Гермоген ещё не видел Петра. А он уже в опочивальне распоряжался: свечи зажёг в шандалах, из сумы дорожной баклагу-сулею медную достал, на стол положил. А потом руки вперёд протянул и пальчиками пошевелил. И не тронул Гермогена, а тому показалось, что кто-то за ухом его щекочет. Тут ещё свет яркий в глаза поплыл, дух лесной-монастырский в нос ударил. И выдохнул Гермоген неожиданно молодо:
— Отрада! Пришёл-таки, блаженный! — И повернулся к Петру, руки протянул для объятий.
И обнялись побратимы, на радостях прослезились. Гермоген пуще Петра, потому как ещё прежние слёзы не высохли.
— Кои-то веки свиделись, Ермогенушко! — воскликнул Пётр, тыкаясь лицом, словно котёнок, в мантию патриарха. — Да сердечко поведало о твоих маетах. Вот и возник. Ну говори, что у тебя, горемышный. Не гневишь ли Бога?
Побратимы сели. Гермоген погладил руку Петра, осмотрел его суконную чуйку с чёрными шнурами — стара. А лапти новые, и онучи — тоже. Понял Гермоген: живёт Пётр как прежде, перебиваясь с хлеба на воду. Да весел и молод. Себя пожалел, сказал с тугой:
— Худо мне, Петруша. Щербота жизни вокруг. Ночесть просил Всевышнего, дабы сократил дни естества моего.
— Неудольный! Како же мог такое помыслить?!
— Опосля стыдно было: что дадено Предвечным — неприкасаемо.
— Вот и славно, и выздоровел. Ты, однако, выпей со мной настоечки монашей. — И весело пропел: — Ой, окуд-ни-ца ли-ха!
— Кроме сыты, ничего не беру многажды лет, — возразил Гермоген.
— Да сие зелье — отрада от Господа, — щурясь и пуская искры в Гермогена, пел Окулов.

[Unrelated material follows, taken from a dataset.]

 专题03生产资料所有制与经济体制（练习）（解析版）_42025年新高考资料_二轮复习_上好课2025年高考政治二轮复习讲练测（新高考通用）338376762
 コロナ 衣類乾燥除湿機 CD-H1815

Быстро же взял сулею, затычину вынул и подал вино патриарху. — Не откажи, Ермогенушко, враз нуда пройдёт, потому как на волшебных травах зачато...
— Пригублю с тобой, друже. Помню сие монашеское питие. — И приложился Гермоген к сулее, и полился в душу живой огонь жизни, поднимающий всё существо ввысь. — Ох, оживил ты меня, Петруша!

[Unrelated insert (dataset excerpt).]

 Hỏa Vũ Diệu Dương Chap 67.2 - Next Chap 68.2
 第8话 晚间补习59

Пётр принял от Гермогена сулею, пожелал ему:
— Дай Бог тебе свершить то, на что сподобен. — И тоже пригубил из сулеи. — Да теперь иди слагай грамоту, пиши борзее, пригвозди злочинцев. Я же тут на лавке прикорну, дороженьку с ног смотаю.
— Оно и впрямь должно круче сказать! И скажу! — Гермоген шагнул к аналою, рука налилась силой, мысль стала ясней, и гневные слова легли на бумагу споро: «Посмотрите, как отечество наше расхищается и разоряется чужими, какому поруганию предаются святые иконы и церкви, как проливается кровь неповинных, вопиющая к Богу. Вспомните, на кого вы поднимаете оружие: не на Бога ли, сотворившего вас; не на своих ли братьев? Не своё ли отечество разоряете? Заклинаю вас именем Господа Бога, отстаньте от своего начинания, пока есть время, чтобы не погибнуть вам до конца; а мы, по данной нам власти, примем вас, обращающихся и кающихся, и всем Собором будем молить о вас Бога, и упросим государя простить вас, он милостив и знает, что не всё вы, по своей воле, то творите; он простил и тех, которые в сырную субботу возстали на него, и ноне невредимыми пребывают между нами их жёны и дети».